Plumbing – Showers in house run cold after 30/45 seconds – Sinks scalding hot

hot-waterplumbingshower

Have a two story house with kitchen, main bath, guest toilet and laundry room on first floor, and two bedrooms upstairs with one full bath each. The water heater is a 55 gal gas operated, located in the crawl space. There is an expansion/pressurized tank on the hot water line of the house as well.

Yesterday, out of the blue and without any warning, the shower in the main bath went from hot to lukewarm then cold after about 30/45 seconds of running. The sink in the same bath would put out scalding hot water, as did the kitchen sink and any other outlet in the 1st floor. Turning the mixer valve control to max hot puts out warmer water, just enough for one to shower.

Checked upstairs and one of the bathroom showers displays the same symptom, while the other one works fine. Again, all faucets in the 2nd floor put out hot water as expected.

I checked the anti-scald on both shower mix valves and these don't seem to have them (Price-Pfisters – MFD 2007), but after that I'm out of options. Today both showers continue to do the same, while the third one upstairs (the one least used) works fine.

Where should I start looking? Is it possible that both mixer valves would have gone bad at the same time? What else could be causing this?

Best Answer

Wait, there's an expansion tank in the HOT water side? That's wrong, it's supposed to be on the cold-water side of the hot water heater. Expansion tanks do not have heaters in them, so the water in them is cold! Try this theory on for size: You turn on max-hot, until the water runs nice and hot. The lengthy hot-water pipe from downstairs is now full of hot water. Then you set it for mixed-warm, which flows a lot more water overall, and reduces system pressure. What does the expansion tank do? Equalize to that new pressure - the air in the tank expands, by pushing cold water out of the expansion tank into the "hot" line. It gets upstairs 30 seconds later.

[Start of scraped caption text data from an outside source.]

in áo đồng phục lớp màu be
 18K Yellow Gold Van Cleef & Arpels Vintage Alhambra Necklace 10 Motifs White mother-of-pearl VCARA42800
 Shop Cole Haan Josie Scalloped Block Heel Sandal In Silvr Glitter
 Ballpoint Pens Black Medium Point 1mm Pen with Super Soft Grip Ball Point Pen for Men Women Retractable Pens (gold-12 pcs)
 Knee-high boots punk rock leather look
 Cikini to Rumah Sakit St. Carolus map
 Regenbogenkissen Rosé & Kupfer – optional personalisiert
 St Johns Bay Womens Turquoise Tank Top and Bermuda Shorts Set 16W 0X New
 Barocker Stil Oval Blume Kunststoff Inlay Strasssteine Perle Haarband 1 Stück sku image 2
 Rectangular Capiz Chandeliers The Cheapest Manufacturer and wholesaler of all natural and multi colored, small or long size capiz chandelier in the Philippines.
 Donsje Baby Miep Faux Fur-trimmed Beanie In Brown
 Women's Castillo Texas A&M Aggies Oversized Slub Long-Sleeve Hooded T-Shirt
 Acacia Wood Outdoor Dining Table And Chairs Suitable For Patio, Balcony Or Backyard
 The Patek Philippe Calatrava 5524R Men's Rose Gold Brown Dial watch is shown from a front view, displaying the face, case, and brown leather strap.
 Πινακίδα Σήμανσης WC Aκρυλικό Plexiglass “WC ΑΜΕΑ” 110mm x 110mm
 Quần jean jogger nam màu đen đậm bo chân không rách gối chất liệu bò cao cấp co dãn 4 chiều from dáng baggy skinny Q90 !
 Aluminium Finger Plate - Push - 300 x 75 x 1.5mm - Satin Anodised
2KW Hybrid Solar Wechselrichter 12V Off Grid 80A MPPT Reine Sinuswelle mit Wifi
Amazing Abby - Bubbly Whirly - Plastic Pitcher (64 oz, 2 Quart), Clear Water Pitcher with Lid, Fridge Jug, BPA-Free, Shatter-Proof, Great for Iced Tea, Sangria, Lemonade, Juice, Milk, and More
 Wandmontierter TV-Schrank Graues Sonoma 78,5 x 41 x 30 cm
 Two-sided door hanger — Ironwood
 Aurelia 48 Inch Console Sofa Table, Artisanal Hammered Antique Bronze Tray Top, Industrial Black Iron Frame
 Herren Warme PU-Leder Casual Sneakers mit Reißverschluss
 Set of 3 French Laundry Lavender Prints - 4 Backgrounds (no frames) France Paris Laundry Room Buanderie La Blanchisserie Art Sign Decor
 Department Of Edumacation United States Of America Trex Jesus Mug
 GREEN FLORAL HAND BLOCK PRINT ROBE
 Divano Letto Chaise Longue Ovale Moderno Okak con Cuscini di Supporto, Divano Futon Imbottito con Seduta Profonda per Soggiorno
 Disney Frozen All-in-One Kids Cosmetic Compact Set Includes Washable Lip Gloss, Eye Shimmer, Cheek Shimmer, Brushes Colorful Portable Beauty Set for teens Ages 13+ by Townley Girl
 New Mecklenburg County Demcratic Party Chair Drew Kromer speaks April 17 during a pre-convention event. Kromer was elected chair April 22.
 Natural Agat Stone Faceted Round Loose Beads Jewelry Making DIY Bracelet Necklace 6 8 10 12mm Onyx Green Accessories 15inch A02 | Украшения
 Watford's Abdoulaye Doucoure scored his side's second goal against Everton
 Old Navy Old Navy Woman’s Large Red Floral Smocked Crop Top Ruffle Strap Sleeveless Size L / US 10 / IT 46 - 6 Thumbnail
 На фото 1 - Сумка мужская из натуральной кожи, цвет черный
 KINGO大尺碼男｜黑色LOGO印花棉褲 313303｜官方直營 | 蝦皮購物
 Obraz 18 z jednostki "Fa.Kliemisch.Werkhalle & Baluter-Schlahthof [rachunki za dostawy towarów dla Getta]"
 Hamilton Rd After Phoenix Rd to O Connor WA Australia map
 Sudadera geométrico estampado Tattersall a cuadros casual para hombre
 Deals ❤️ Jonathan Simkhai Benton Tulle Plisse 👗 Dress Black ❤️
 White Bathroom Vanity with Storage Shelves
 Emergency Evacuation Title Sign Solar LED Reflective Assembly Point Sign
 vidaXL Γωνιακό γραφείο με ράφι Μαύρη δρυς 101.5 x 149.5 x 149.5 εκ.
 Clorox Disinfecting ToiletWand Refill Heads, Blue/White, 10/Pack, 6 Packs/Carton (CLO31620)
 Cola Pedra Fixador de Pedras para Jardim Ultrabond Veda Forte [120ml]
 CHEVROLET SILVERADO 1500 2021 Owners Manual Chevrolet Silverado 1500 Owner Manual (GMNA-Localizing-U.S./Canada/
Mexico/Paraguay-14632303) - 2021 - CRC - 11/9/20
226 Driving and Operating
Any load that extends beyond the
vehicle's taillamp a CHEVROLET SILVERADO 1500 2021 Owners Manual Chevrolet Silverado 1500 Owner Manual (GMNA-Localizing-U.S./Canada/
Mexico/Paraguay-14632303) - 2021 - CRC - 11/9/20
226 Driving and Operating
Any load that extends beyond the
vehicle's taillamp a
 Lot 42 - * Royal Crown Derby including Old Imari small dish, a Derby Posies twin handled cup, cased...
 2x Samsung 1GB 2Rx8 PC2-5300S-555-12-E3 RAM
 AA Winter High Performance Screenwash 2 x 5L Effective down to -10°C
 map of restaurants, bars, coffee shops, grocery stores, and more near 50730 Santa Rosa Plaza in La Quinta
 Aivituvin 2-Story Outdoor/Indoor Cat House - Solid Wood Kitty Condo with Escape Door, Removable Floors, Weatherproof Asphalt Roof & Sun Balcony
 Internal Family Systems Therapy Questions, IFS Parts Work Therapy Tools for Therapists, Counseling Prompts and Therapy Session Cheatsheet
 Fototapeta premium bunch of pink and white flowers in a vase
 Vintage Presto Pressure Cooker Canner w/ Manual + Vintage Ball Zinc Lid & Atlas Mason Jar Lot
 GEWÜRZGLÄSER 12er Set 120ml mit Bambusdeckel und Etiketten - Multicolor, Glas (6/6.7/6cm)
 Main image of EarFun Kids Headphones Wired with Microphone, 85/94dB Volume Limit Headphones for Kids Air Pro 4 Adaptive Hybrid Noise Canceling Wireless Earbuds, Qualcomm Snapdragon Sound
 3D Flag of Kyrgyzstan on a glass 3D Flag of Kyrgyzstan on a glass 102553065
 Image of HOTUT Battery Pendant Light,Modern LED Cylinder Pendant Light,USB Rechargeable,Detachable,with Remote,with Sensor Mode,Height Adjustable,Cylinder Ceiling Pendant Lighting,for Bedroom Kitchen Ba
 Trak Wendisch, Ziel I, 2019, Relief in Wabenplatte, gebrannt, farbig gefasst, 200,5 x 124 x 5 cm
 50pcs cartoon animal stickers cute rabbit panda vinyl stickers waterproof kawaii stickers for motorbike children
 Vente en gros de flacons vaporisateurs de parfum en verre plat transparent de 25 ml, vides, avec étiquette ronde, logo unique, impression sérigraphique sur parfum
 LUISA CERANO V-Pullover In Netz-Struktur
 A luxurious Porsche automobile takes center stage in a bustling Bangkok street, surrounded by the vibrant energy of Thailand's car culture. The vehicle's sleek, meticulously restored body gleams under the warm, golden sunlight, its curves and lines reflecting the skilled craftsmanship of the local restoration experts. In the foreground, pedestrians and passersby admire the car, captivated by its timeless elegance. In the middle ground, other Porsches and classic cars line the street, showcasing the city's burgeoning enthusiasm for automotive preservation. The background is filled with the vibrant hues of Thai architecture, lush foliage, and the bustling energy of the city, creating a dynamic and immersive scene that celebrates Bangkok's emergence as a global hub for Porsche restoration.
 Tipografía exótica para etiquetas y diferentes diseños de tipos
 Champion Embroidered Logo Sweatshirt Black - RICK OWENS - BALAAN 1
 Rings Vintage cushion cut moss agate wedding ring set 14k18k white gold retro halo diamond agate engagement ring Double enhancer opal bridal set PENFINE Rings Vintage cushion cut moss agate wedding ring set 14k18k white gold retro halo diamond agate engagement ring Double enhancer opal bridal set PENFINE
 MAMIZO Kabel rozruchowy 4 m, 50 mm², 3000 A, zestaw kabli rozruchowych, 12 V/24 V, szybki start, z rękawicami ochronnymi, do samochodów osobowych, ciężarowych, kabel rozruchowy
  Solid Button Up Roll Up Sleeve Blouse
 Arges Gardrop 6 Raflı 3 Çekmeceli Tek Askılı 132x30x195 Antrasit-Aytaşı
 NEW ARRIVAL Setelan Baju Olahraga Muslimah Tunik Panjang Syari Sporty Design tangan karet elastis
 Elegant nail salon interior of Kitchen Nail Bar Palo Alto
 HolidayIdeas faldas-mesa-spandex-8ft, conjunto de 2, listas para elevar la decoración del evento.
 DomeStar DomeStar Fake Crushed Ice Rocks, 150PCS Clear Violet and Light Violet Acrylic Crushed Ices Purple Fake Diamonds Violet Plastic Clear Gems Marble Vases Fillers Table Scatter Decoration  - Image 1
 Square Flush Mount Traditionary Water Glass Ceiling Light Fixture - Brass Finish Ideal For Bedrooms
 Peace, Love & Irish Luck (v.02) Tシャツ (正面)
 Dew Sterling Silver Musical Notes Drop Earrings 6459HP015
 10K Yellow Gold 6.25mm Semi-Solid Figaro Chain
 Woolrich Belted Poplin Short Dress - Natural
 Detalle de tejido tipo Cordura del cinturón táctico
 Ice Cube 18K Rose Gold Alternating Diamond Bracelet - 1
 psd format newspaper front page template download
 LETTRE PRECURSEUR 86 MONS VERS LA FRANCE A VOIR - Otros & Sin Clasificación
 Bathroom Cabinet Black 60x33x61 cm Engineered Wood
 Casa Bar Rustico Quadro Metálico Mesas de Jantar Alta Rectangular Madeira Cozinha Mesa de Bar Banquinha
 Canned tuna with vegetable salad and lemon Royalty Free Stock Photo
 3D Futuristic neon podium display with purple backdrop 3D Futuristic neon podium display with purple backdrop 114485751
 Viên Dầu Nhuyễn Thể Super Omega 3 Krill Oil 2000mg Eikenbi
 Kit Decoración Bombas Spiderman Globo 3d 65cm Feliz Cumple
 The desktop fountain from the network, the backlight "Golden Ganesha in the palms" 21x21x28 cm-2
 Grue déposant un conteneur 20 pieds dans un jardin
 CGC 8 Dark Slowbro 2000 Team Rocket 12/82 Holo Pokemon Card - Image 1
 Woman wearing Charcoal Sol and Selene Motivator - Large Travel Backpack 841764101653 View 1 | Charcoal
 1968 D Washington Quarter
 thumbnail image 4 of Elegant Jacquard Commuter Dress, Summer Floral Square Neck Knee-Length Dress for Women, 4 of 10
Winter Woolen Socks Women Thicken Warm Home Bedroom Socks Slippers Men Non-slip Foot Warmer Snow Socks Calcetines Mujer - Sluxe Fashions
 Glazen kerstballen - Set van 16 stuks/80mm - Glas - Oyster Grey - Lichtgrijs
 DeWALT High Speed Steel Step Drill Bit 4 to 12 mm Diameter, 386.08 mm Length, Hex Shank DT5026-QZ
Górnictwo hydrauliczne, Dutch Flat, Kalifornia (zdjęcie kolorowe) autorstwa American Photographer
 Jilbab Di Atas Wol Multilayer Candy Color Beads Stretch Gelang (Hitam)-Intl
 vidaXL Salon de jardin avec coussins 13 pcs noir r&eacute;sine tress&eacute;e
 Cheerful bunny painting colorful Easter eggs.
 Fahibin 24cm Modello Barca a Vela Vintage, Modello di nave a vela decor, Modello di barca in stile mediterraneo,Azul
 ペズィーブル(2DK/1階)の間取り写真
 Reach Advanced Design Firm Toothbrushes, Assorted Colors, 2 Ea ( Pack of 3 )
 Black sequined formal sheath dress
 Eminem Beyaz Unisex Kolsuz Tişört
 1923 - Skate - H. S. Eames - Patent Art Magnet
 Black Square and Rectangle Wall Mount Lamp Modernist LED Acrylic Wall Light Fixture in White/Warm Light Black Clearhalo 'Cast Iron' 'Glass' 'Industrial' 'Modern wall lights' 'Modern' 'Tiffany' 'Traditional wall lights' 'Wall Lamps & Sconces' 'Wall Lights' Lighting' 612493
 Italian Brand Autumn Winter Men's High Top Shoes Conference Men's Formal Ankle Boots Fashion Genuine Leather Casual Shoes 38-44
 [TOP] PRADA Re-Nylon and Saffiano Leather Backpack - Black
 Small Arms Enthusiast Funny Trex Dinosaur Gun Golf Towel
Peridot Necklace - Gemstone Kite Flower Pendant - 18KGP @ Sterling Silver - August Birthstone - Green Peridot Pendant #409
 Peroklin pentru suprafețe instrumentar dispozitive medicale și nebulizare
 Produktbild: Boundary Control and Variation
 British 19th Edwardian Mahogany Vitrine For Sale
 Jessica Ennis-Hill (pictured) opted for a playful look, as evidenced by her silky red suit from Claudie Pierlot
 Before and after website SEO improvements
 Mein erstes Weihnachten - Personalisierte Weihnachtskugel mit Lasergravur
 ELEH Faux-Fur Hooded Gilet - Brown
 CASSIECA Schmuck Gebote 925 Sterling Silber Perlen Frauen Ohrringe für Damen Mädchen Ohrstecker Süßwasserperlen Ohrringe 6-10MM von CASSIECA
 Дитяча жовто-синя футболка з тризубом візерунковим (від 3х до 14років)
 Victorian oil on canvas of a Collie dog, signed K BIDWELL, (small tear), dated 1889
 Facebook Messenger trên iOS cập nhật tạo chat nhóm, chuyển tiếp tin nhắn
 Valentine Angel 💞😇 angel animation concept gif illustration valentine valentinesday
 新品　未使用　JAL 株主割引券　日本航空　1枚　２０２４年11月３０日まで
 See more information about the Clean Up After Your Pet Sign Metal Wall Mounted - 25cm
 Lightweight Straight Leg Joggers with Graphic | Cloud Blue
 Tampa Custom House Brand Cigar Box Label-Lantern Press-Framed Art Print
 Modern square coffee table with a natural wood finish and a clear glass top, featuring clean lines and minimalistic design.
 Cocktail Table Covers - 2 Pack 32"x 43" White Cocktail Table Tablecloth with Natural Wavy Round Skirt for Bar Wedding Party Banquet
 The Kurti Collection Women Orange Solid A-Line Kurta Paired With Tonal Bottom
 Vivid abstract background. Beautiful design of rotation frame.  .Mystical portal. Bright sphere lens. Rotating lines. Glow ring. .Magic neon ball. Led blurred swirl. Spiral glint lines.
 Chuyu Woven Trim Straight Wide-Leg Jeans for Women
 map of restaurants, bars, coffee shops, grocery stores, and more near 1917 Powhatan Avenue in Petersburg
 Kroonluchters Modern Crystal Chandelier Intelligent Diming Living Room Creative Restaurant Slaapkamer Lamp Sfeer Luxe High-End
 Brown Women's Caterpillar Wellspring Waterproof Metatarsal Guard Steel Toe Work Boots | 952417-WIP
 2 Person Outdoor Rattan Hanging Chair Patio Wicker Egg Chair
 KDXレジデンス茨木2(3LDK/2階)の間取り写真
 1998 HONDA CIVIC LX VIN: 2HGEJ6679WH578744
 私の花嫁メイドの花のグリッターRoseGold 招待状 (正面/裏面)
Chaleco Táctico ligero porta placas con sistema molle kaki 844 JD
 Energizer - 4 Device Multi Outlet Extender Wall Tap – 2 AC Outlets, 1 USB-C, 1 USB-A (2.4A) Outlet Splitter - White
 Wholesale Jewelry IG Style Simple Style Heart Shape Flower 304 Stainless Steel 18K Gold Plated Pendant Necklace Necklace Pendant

How do you test this? First, when it gets cold, touch nothing - just let it keep flowing for 120 more seconds. See if it goes back to normal if you wait long enough. If so, I'd blame the expansion tank being on the wrong side.

Or check the tank's temperature - room temperature - then trigger the problem - and shut off everything and run back down and check the tank's temperature again. If it's warmer, it just ingested some hot water - which means it recently pushed out some cold water.

Otherwise, I'd do some other experiments. Shut off the cold supply to the shower. Now if it does the hot-cold bounce, it can't be the mixing valve! Turn the tub to hot max. Let it get hot and watch for that bounce. None? Throw open the sink faucet to COLD and flush the toilet, to simulate the extra flow of setting the shower to "warm". Watch for the bounce again. If it still happens, that means the (good) valve isn't getting good hot water.

What would make it suddenly break? Probably something minor upstream that wouldn't affect healthy plumbing. Maybe loose cruft in your piping (probably upstream of the hot water heater). Maybe in street piping. Maybe the water company changed supply pressure.